You can add Red State’s Erick Erickson to the growing list of BUBB conservatives:
We have created a financial situation in this country, with Dodd-Frank and other policies, that have stacked the banks against the American people. They have become so massive that they can do pretty much what they want because they can hire all the lobbyists they need to get what they want from Washington and if they falter or fail, the nation goes belly up.
It is absolutely a conservative imperative to break up the big banks. Conservatism should eschew public-private partnership at this level. The banks have, in effect, become an extension of the government in that they now exist in a wholly symbiotic and unhealthy relationship with Washington. If we want smaller government, we need smaller banks too.

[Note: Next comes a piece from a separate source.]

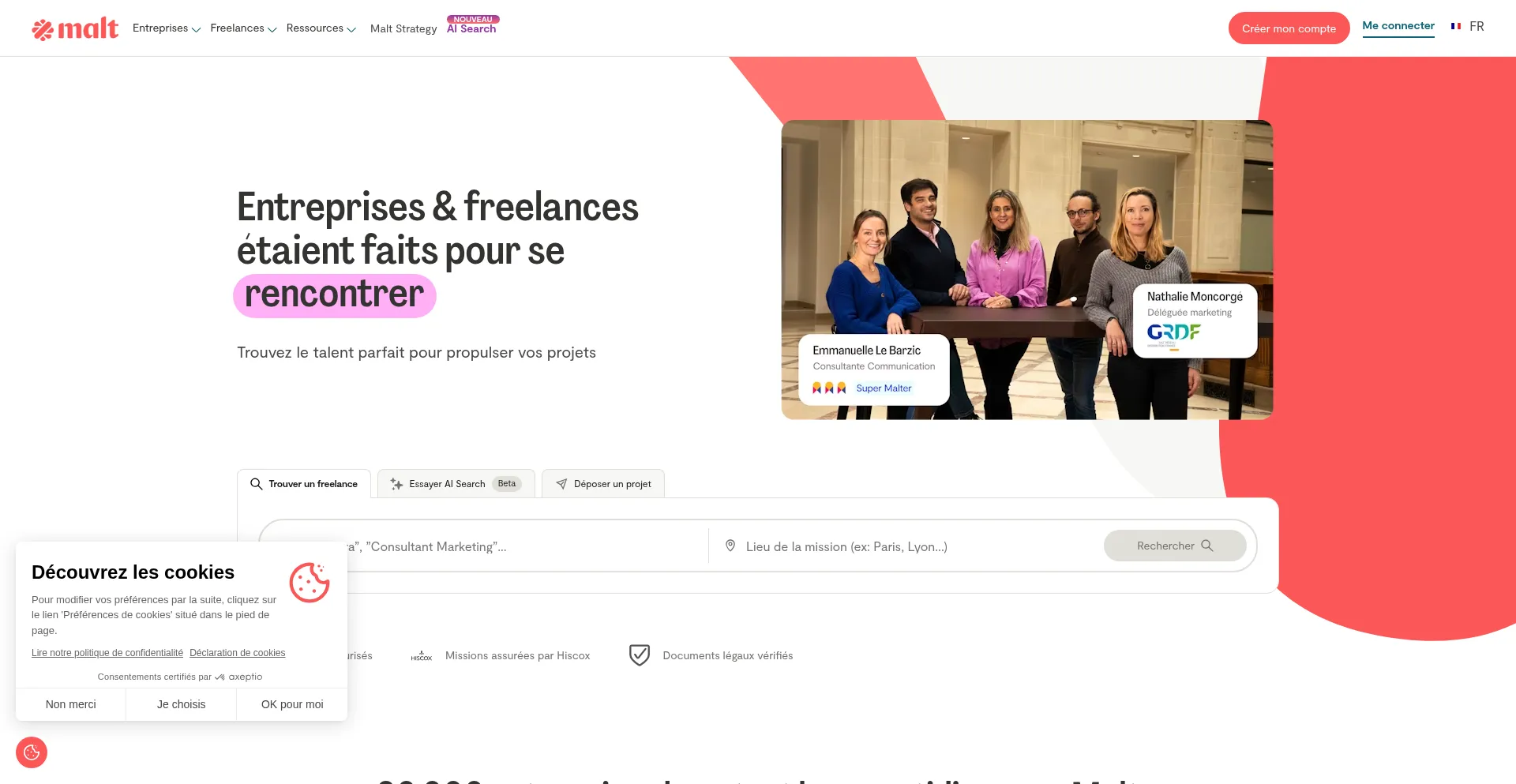 Website screenshot of Malt.fr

And count in Senator David Vitter, too. Here is what he wrote Ben Bernanke and the Fed:
Placing higher capital requirements on megabanks is a common sense way to fix the dangers of too-big-to-fail. As you have said in the past, research done by the Federal Reserve and other regulators shows the tougher capital requirements will “significantly reduce the threat of a massive financial crisis” while doing little to limit economic growth. The mega banks should bear their own risks and have their financial incentives positively aligned in a way that protect the taxpayers.

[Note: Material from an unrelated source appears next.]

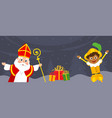 saint nicholas and kid celebrate holidays vector image vector image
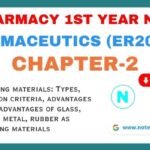 Free Pharmaceutics Chapter-2 PDF Notes, d pharmacy 1st year notes, Packaging materials Types, selection criteria, advantages and disadvantages of glass, plastic, metal, rubber as packaging materia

Greater capital is essential to withstand inevitable losses in the banking industry. In the 1920s and 1930s, the big New York banks funded 15 to 20 percent of their assets with capital. This enabled them to survive the Great Depression.
Now both The Economist and former investment banker Douglas Elliott of the Brookings Institution recently argue against measures to break up the megabanks or nudge them into shrinking. The former highlights the practical problems and thinks
“ring fencing” the “retail and investment-banking arms of universal banks to have their own capital buffers” would suffice. Elliott seems to think we’ve more or less fixed the problem and offers this warning:
Finally, these restructuring proposals represent major, risky experiments. The probability of serious unintended problems is high and the transitional period would be especially fraught with peril. For example, there would be a dramatic shift of business towards financial firms that do not have much experience with the more sophisticated and trickier parts of finance. Unfortunately, there is a long history of medium-sized financial firms blowing up when they expand too rapidly into complex areas, with MF Global as a recent example. It is highly likely that such problems would recur.

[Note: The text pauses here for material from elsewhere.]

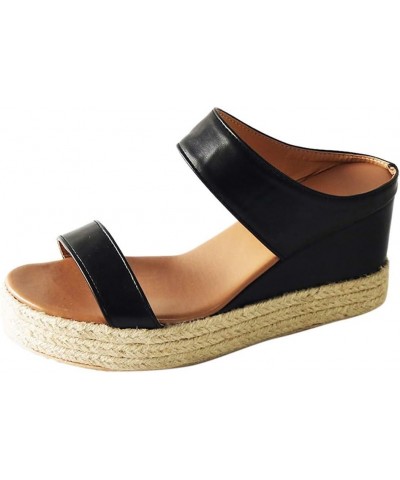 Sandals Shoes Beach Toe Women Breathable Open Wedges Straw Casual Slip-On Summer Women's Wedges High Sandal (Black, 8.5) 7.5 ...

It is true that there are risks and problems with a system that includes large banks. However, debate on financial reform often takes as a given that there are only problems and costs, whereas the economic benefits are actually substantial. It is difficult to quantify, but I am confident that the economic benefits of these firms will outweigh their costs in the future under the new regulatory regime. At a minimum, we should certainly be very careful to balance both costs and benefits when considering any of these restructuring proposals.
Seriously? I think we have seen the costs of the current Too Big To Fail experiment and they run into the trillions. And those risks still remain. The TBTF experiment continues. Here is Thomas Hoenig of the FDIC, who has proposed his own BUBB plan, on the costs and benefits:
Finally, even if there are economies of scale or scope, it does not necessarily mean that banks should be allowed to continue to conduct all of their current activities. Whether they should depends on comparing the marginal benefits from the reduced private costs of operation to the social costs associated with financial crises. Given the large costs of the 2007-9 crisis, the efficiencies and cost benefits of size and scope would need to be extremely large.
The Economist and Elliott also seem to ignore the huge rent-seeking and public choice problems of having a such massive amount of concentrated economic power in a position to influence Washington — both politicians and regulators.
This idea is not going away. While there may be disagreement on the exact way of downsizing Big Finance, there is growing agreement over the goal.